Implication that padding zeroes would be copied seems to be wrong in multiple ways
jarikirma opened this issue · 3 comments
Code-used-on-Daniel-Lemire-s-blog/2022/12/29/protocol.cpp
Lines 231 to 240 in ef75e1d
I'm not really a C++ coder, but first of all: strlen
explicitly strips length beyond the first '\0'
, which prevents testing this code with non-zero bytes after one. Secondly, it would seem that even if strlen
is replaced with 8 (... which breaks the half of tests which actually relies on getting the length this way), those bytes are not copied - are they just by chance uninitialised zero generated by padding?
I found this out while trying out a relatively simple nul-terminated string to zero-padded uin64_t
with a fast path under assumption that only strings which cross page boundaries need byte-accurate reads and that padding can be performed by applying Hacker's Delight algorithm for finding the first zero byte.
Please refer to the C++ documentation on string_view
.
The line...
answer.emplace_back(std::string_view(picked.data(), strlen(picked.data())));
is not meant to copy any of the bytes. A string_view
is just like a pointer.
I could have just done...
std::vector<const char*> answer;
...
answer.emplace_back(picked.data());
and it would have been pretty much the same result.
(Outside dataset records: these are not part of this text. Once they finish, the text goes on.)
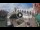 Webcam in Venedig, 35.8 km entfernt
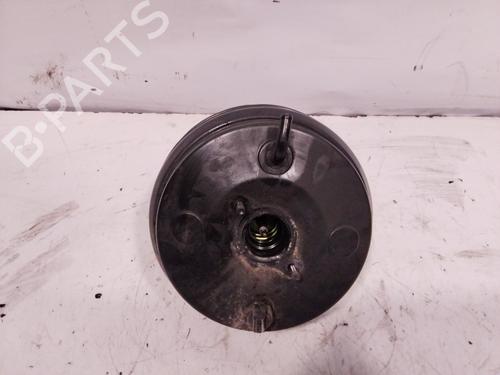Used Servo brake KIA CARNIVAL II (GQ) [1999-2007]  27585339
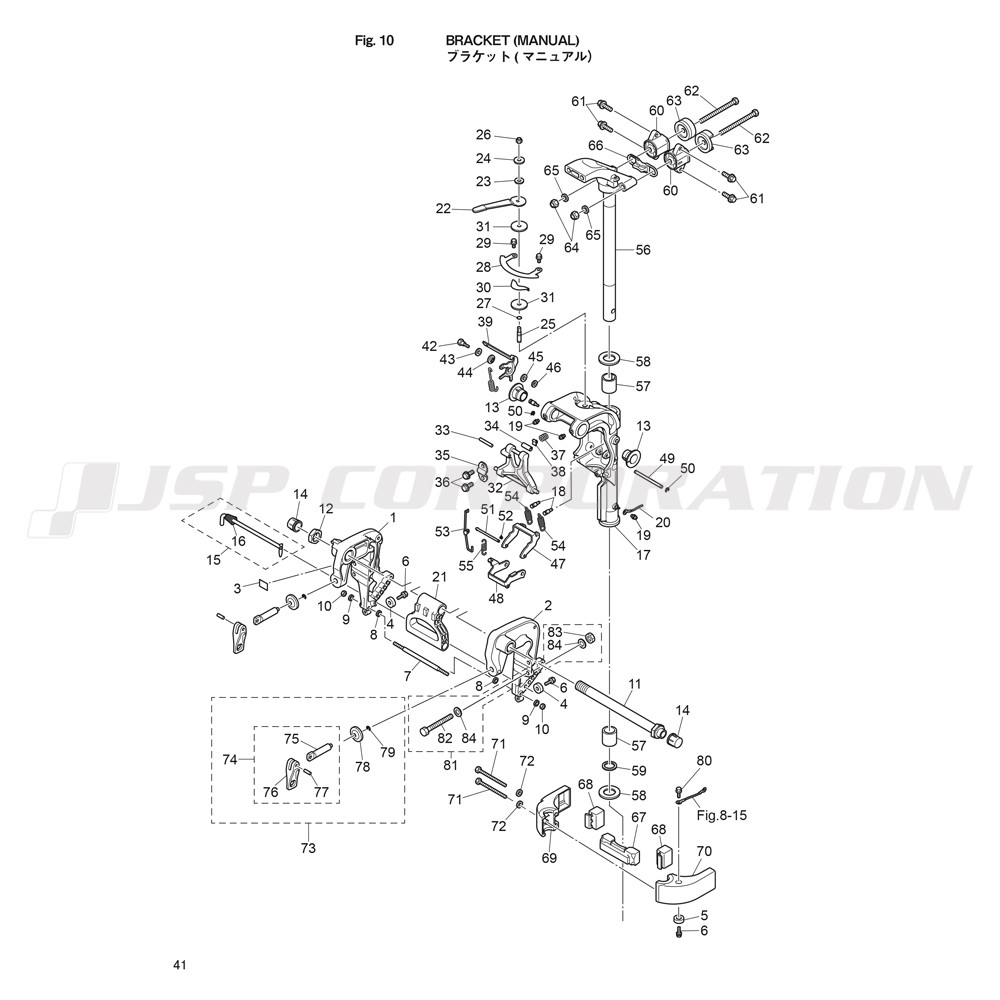 �̎ގ׎����ġʎώƎ����١�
strlen explicitly strips length beyond the first '\0',
The strlen function does not affect the input, it merely returns a number.
Per StackOverflow:
How do you construct a std::string with an embedded null?
So, I'd suggest the following:
using namespace std::string_literals;
const static std::string options[] = {
"https\0\0\0"s, "http\0\0\0\0"s, "ftp\0\0\0\0\0"s, "file\0\0\0\0"s,
"ws\0\0\0\0\0\0"s, "wss\0\0\0\0\0"s, "garbage\0"s, "fake\0\0\0\0"s,
"httpr\0\0\0"s, "filer\0\0\0"s};
This is a std:string
specific issue...
You are correct, I will change my code.